La sfida di Papa Francesco: meno autonomia all'Opus Dei e stop alle attività speculative
In vista dell’incontro con il collegio cardinalizio di fine agosto e prima della partenza per il Canada, il Santo Padre accelera la spinta riformatrice nella Chiesa

Questi ultimi giorni giorni hanno registrato un’improvvisa accelerazione di Papa Francesco per chiudere il cerchio riformatore nella Curia Romana e nel Vaticano ma anche di altre realtà considerate importanti per la loro influenza nella Chiesa come l’Opus Dei. L’ultimo dei provvedimenti del Papa riguarda proprio la prelatura personale dell’Opus Dei, nata nel 1982 per volere di Giovanni Paolo II, vista sempre troppo autonoma e privilegiata rispetto ad altre realtà di vita consacrata nella Chiesa.
Il provvedimento sull'Opus Dei, troppo autonomo e privilegiato
A seguito della Riforma della Curia, Francesco, con l’intento di tutelare il carisma religioso della prelatura, dispone che l’Opus Dei dipenderà dal Dicastero del Clero e che il prelato alla guida dell’Opus non dovrà più essere un vescovo che le conferiva in qualche modo una certa autonomia quasi paragonabile a una diocesi. La disposizione di Francesco sarà vista con favore poiché rimuove diversi motivi di conflittualità con cui nella Chiesa si è vissuta la storia dell’Opus Dei segnata da diversi privilegi.

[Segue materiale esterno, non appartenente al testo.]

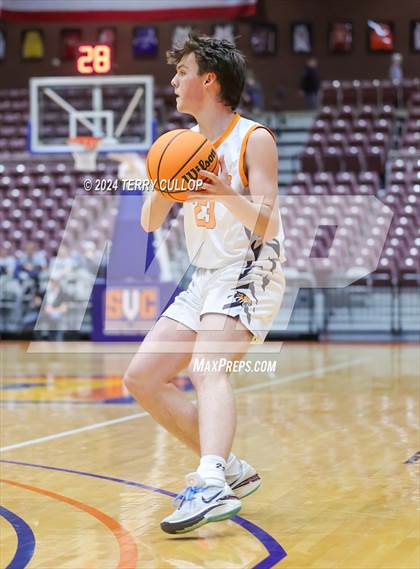 Thumbnail 2 in Union vs. Ogden (UHSAA 3A Quarterfinal) photogallery.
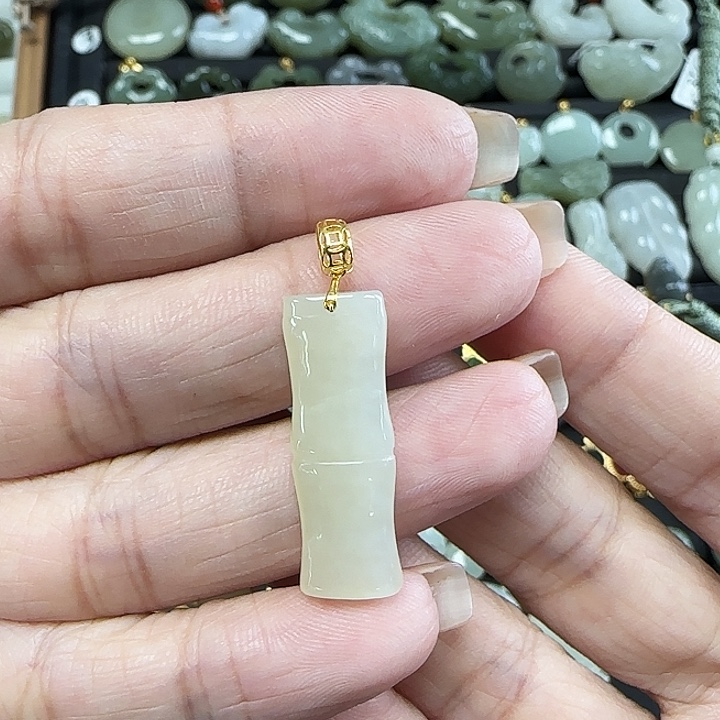 和田玉18K金镶嵌吊坠(不含链)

La riforma economica della Santa Sede
Ma la più importante riforma degli ultimi giorni riguarda l’economia della Santa Sede, oggetto di molti scandali negli ultimi decenni. La Riforma della Curia in vigore dallo scorso 5 giugno è stata in qualche modo resa operativa sul versante economico finanziario con un Comunicato della Segreteria per l’Economia. Semplice come strumento, ma importante come contenuto, il Comunicato del 19 luglio passerà alla storia. Infatti si rende noto che dal prossimo 1 settembre “si avvierà una nuova politica unitaria per gli investimenti finanziari della Santa Sede e dello Stato della Città del Vaticano, che saranno disciplinati da una Politica di Investimento”. Si può ritenere che questo passaggio operativo completi davvero sul piano fattuale la lunga vicenda di risanamento delle finanze vaticane. Il documento, discusso nel Consiglio per l’Economia e con specialisti del settore, è stato indirizzato ai Capi Dicastero della Curia e ai Responsabili delle Istituzioni e enti collegati alla Santa Sede dal Prefetto della Segreteria per l’Economia, Padre Juan Antonio Guerrero Alves. Un gesuita doc, uno di quelli scelti dal Papa per condurre in porto le riforme in modo affidabile.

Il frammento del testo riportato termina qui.